Trivia, Notes, Quotes and Allusions


  • TRIVIA (1)

    • Karl Pilkington, Ricky and Stephen's podcast companion, makes an appearance: He is the fan with the black jacket outside Ivy, who rejects the autograph.

  • QUOTES (7)

    • Andy: At least nip to the kitchen, make me a cheese sandwich, you cook.
      Gordon Ramsay: Cock. Haven't you had enough cheese sandwiches, fat boy?
      Andy: Oh, you round puffy-faced git!
      Gordon Ramsay: You catchphrase shouting wig-wearing wannabe!
      Andy: You publicity hungry failed footballing fuck!
      Gordon Ramsay: You're a has been! Go home!
      Andy: You think you're so hard, don't you 'cause you shout at people who work in kitchens? Who works in kitchens? Ooh, women and gays. Oh, and the French! You're well hard.
      Gordon Ramsay: Let's just leave it at that, shall we? I don't want to get into a fight. I heard your girdle can explode at any minute.
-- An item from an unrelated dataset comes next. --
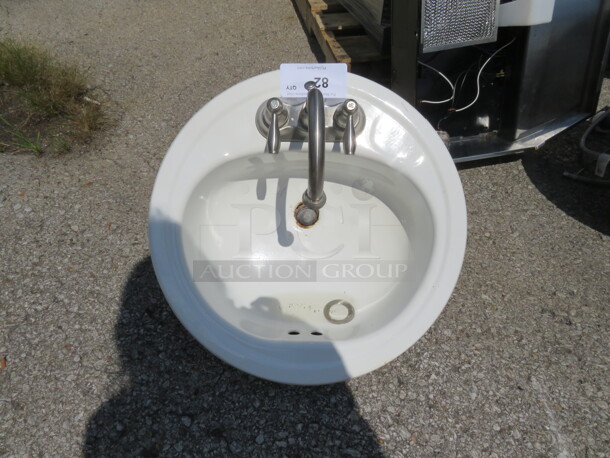 One 19 Inch Round Drop In Sink With Faucet. - Image 1 of 1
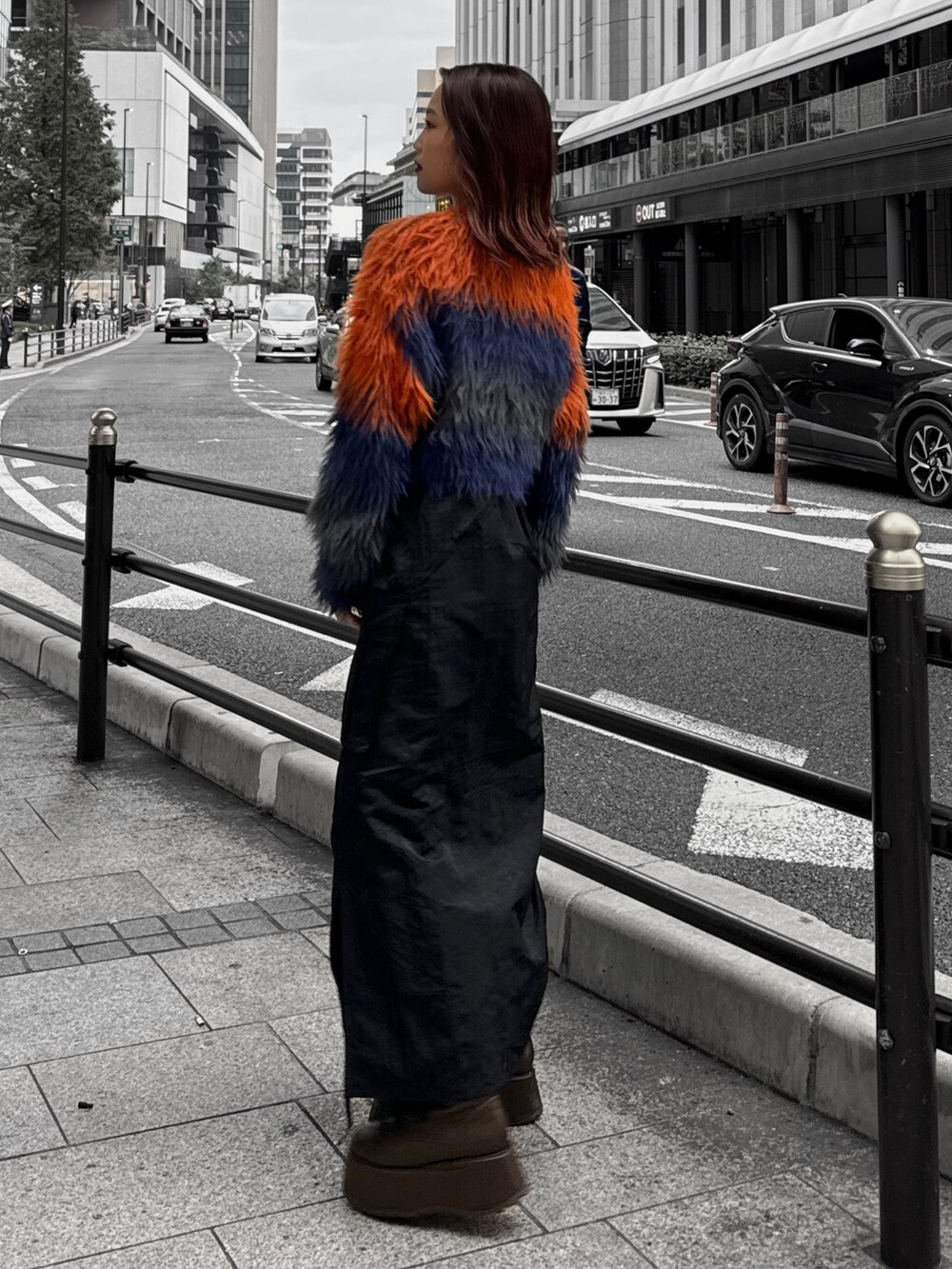 オレンジ系のニット/セーター、ブラック系のスカート、ブラウン系のブーツを着用したレディースの秋コーディネートの3枚目の写真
    • Maggie: Any jobs going?
      Agent: Not really, no. I mean, aside from the extensive training needed, we are a bit overstaffed. I think the only way there would be a vacancy is if one of these guys got an acting job.
      Barry: Or if one of us dies.
      Dean: That is more likely.
      Barry: Statistically, yes.

    • Andy: To the general public, there is no difference between me and that (Ray) Doll.
      Agent: What? Little, fat ugly thing - Pathetic?

    • Barry: Kids can be cruel, eh?
      Agent: Yeah, they can.
      Barry: What do they say?
      Agent: You know what they say.
      Barry: What: "lanky four-eyed twat"?
      Agent: Yeah.
      Barry: "Weirdo, goggle-eyed geek"?
      Agent: Sometimes.
      Barry: "Frankenstein's albino gonk".
      Agent: I never heard that one.

    • Andy: [Discussing 'The Ray Doll'] Oh, thank God for the exploitation of 10-year-old children.
      Agent: Absolutely. And the funny thing is, of course, is that's your key demographic!
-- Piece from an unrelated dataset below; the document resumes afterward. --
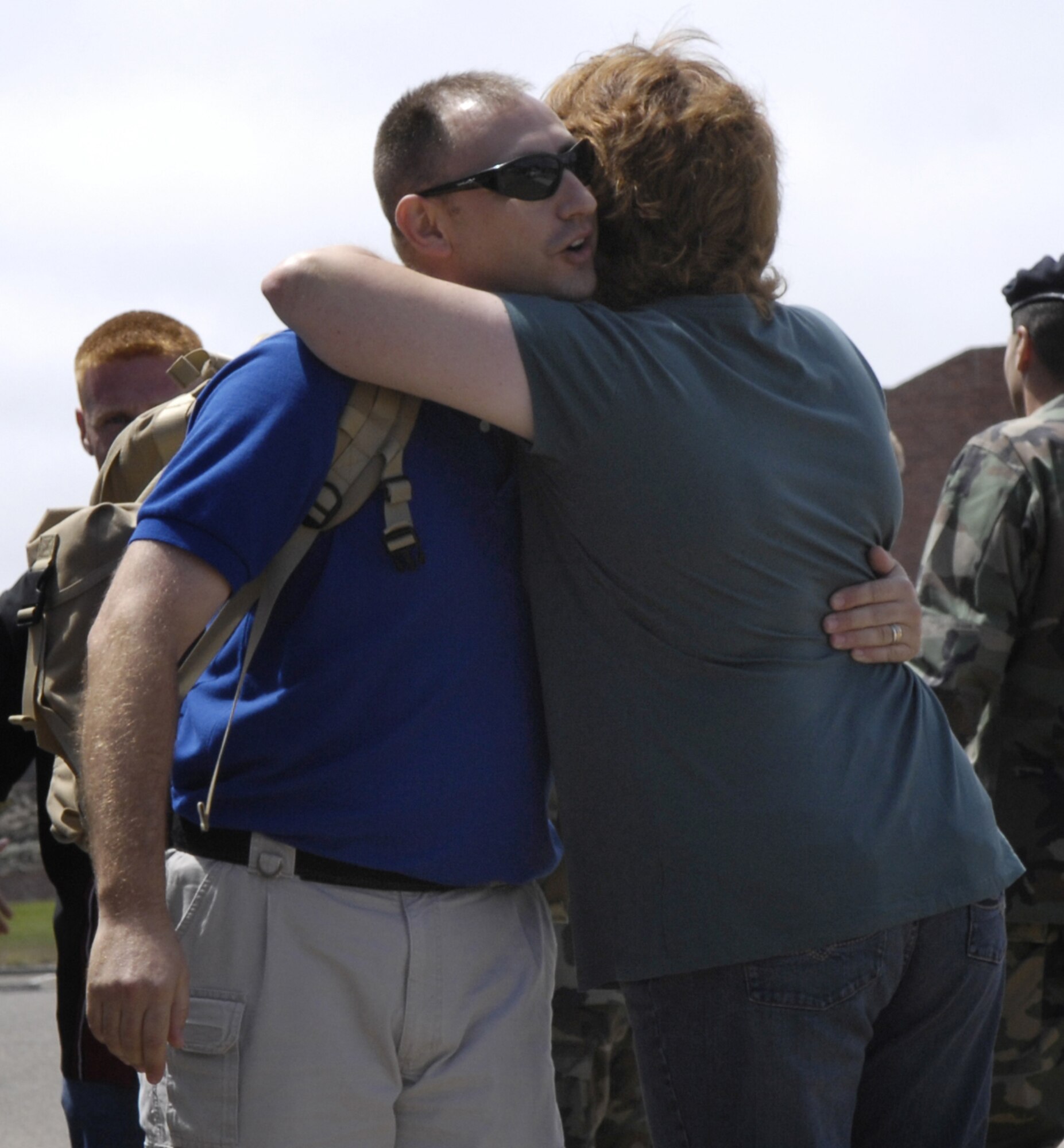 VANDENBERG AIR FORCE BASE, Calif. -- Tech. Sgt. Michael Fries, 30th Security Forces Squadron, hugs his wife, Debra, as he returns home from a deployment on Aug. 22. The 25 Airman, who compose 2 teams, returned from a six-month deployment at Al Udied, Qatar.  (U.S. Air Force photo/Airman Jonathan Olds)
    • Maggie: Where are we going?
      Andy: Somewhere where no-one cares who I am.
      Maggie: Back to the Ivy, then?
      Andy: Seriously, somewhere where no-one knows who me.
      Maggie: Hollywood?

    • Bunny: Andy Millman!
      Andy: Hello, Bunny. What are you doing?
      Bunny: Waiting.
      Andy: Waiting? For what?
      Bunny: Cock.
      Andy: Yeah, it's never too early for that is it?

  • NOTES (3)

    • In the United States version of this episode, the doll which the store manager showcases with 2 of the person's (in)famous quotes is a replica of Kramer from Seinfeld; In the UK version, the doll which the store manager showcases with 2 of the person's (in)famous quotes is a replica of Jade Goody.

    • In the U.K. version of this episode, the last T-Shirt displayed after the the Ray, Gobbler and Mr. Yamaguchi shirt, depicts Victoria Wood with the phrase: A.S.D.A.! on it. In the United States version of this episode, the last T-Shirt displayed is of Sigourney Weaver with an advertisement for DirecTv.

    • This episode premièred on the HBO network in the United States on December 16th, 2007, and aired in the UK for the first time some eleven days later.